The changes mean it is now possible for someone to complain that you unreasonably refused to act for them or that you unreasonably and persistently offered to them a service which they did not want.
But before you grumble, maybe take a look at the ombudsman’s guidance, which reasonably says that it is accepted that there will be little evidence for the alleged refusal to accept instructions and that there are valid grounds to refuse instructions such as lack of expertise, business reasons and money laundering.
Also, I believe there is a real business benefit to be gained in how firms face up to the change.
At first sight, you may see only the negatives to this rule change – such as more record-keeping to show why instructions are rejected or that marketing is reasonable and proportionate; reviewing client acceptance procedures; making sure everyone knows what the reasonable grounds are for refusing instructions and ensuring everyone is up to date with the firm’s equality and diversity policy.
However, these are all things that a good quality risk-management system should deal with in any event, so many of you will already have the compliance and regulation issues nailed down, but do your procedures really tell you why a client has been rejected?
Behind most (not all!) compliance initiatives lies a good business reason for acting in a particular way and let’s look at the positives behind having procedures for handling potential new clients reasonably and well.
Every new enquiry to your firm is a potential piece of business and given the difficult financial times, increasing revenue must be a good thing.

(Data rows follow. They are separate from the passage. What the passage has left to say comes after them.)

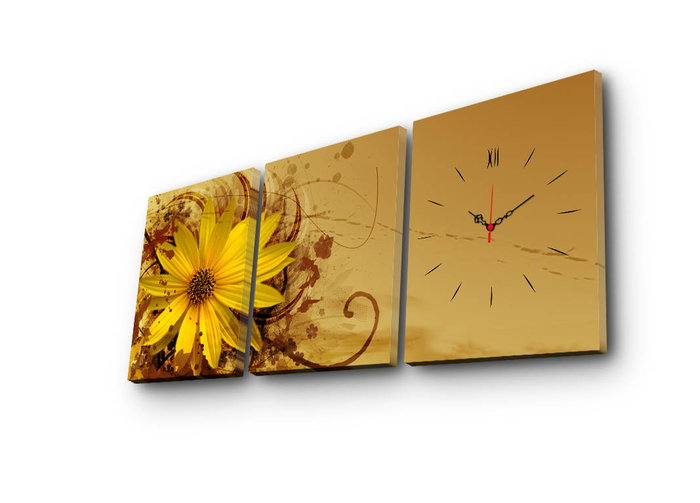 Wallity Reloj de Pared de Lienzo Decorativo 3P3040CS-7 (3 Piezas) Wallity Reloj de Pared de Lienzo Decorativo 3P3040CS-7 (3 Piezas)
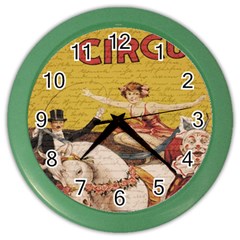 Vintage Circus  Color Wall Clocks by Valentinaart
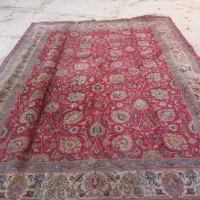 قالی دست بافت عتیقه|فرش|خمینی‌شهر, |دیوار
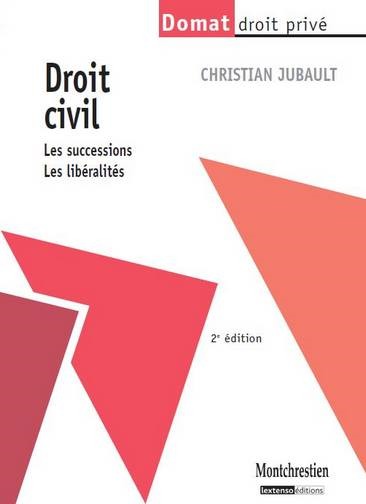 Könyv droit civil : les successions, les libéralités - 2ème édition Jubault c.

Leaving aside for a moment any issue of compliance and recording how decisions are reached to reject clients, just take a bit of time to think about how well your firm handles potential new clients – and that includes everyone from the receptionists and support staff through to fee-earners and partners.
Here at LawNet, our member firms are just starting on a programme of mystery shopping, delivered independently and impartially by Shopper Anonymous, which will give firms information about how well potential clients are handled, thus allowing business owners to hear for themselves how good (or not so good) the experience is for potential clients.
You may be surprised to know that it’s quite common for potential clients to call law firms, leave a message or even speak to a fee-earner, but then never hear anything further – either because the fee-earner doesn’t take any contact details or the enquirer’s message left on a voicemail, is never followed up.
So what do you now about your process? Do your reception staff turn business away by simply telling an enquirer you don’t do that type of work? It may be the enquirer simply used the wrong terminology and you could have lost a piece of valuable business, or at the very least referred to a ‘preferred competitor’.
Having effective processes in place for handling and monitoring new business enquiries can address many of these issues of poor business development, as well as telling you why you’ve rejected a client.
So don’t look on these new rules as a burden, but as an opportunity to develop your business.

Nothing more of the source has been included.